What I’m Reading: “The Dispossessed” by Ursula Le Guin
Over the last few weeks I’ve posted about some of my Christmas – New Year viewing and reading. Obviously the holiday’s been over for some time now, but it’s still appropriate to talk about Ursula Le Guin’s The Dispossessed (first published in 1974) in that context, because I picked it up in a secondhand bookshop in Picton, while waiting to cross from the South Island to the North on the Cook Strait ferry.
A fact that resonated when I began reading, because The Dispossessed is a tale of two worlds, Anarres and Urras, that lie in close proximity (Anarres is, in fact, the moon of Urras) and whose people were originally one. Now, by choice and treaty, dealings between the two are restricted to a closely controlled trade, all of which is limited to one spaceport. In terms of a setting, it’s as if NZ’s North and South Islands decided to limit all their dealings to a trade that could only occur in Picton, and where the traders and sailors from the North Island could never go beyond the port limits.
The reasons for this division in The Dispossessed is political, with the people of Anarres having departed persecution in Urras to establish a libertarian-anarchist society on its moon, with the basis of the agreement being that they would never return. For those who associate libertarianism with the thought and writings of Ayn Rand, I note that the society of Anarres is modeled more closely on the ideas of William Godwin and Prince Kropotkin’s famous treatise, Mutual Aid.
The Dispossessed is centered on the character of Shevek, an Anarres’ physicist whose work on the Principle of Simultaneity offers the potential to revolutionize interstellar communication and travel. It is written in alternating sections. Those in Anarres chart the course of Shevek’s life, leading to his revolutionary decision to self-exile to Urras in order to develop his work more fully. The second storyline is set in Urras, following that fateful decision.
The Dispossessed is a character study, exploring the personality and thought and influences that shape Shevek and his work. It is also an exploration of social and political difference, including how those differences shape and are shaped by misogyny, sexism, and sexual mores. The book also establishes two distinct worlds within Ursula Le Guin’s larger interstellar civilization, a loose affiliation of worlds that will become known as the Ekumen. In addition, the narrative explores the scientific thought underpinning the Principle of Simultaneity.

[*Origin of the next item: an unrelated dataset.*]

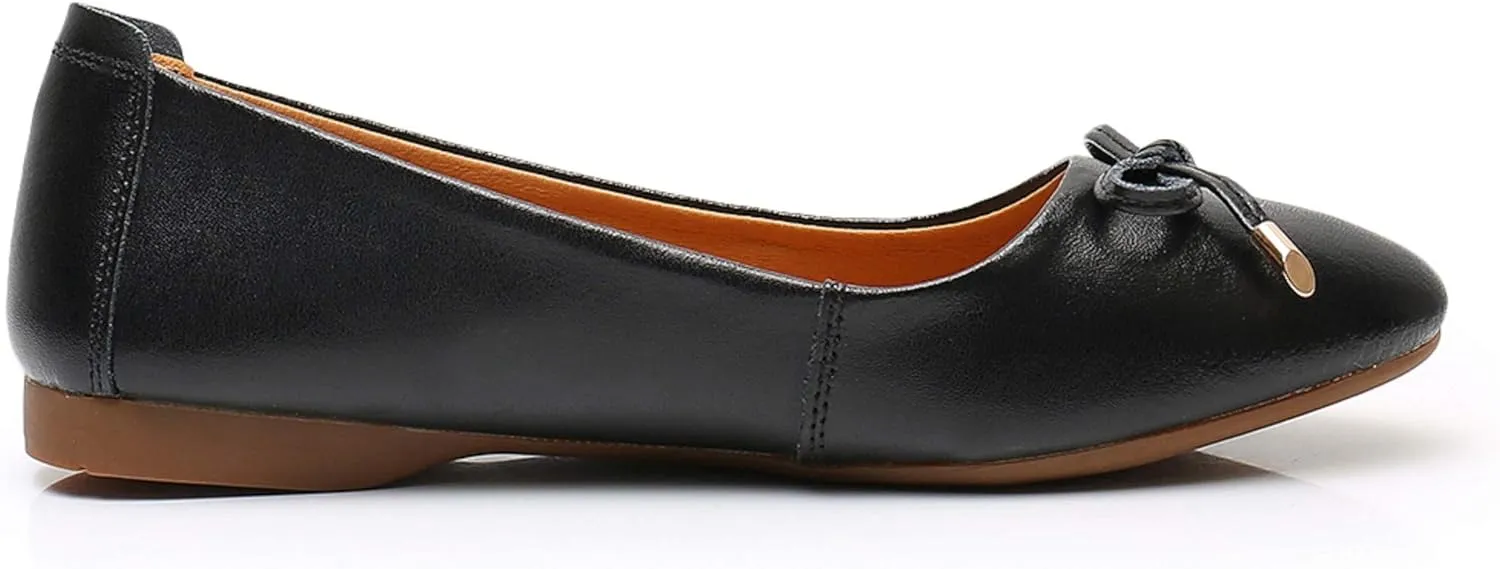 VenusCelia Women's Bowknot Ballet Dance Flat Shoe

In other words, The Dispossessed works at several different narrative levels and in my view represents Ursula Le Guin at the height of her powers, as does her equally famous novel The Left Hand of Darkness. The latter has been one of my favourite books for a long time, but The Dispossessed has now joined it on the favourites’ shelf.
The edition I bought was published as part of Gollancz’s SF Masterworks series, a title that is apposite to the work, imho. I also note that The Left Hand of Darkness and The Dispossessed both won the Hugo and the Nebula Awards for Best Novel, deservedly in my view, as both are outstanding works of fiction.
The edition I acquired in the Picton secondhand bookshop was a paperback, 336 pages, brought out in 1999.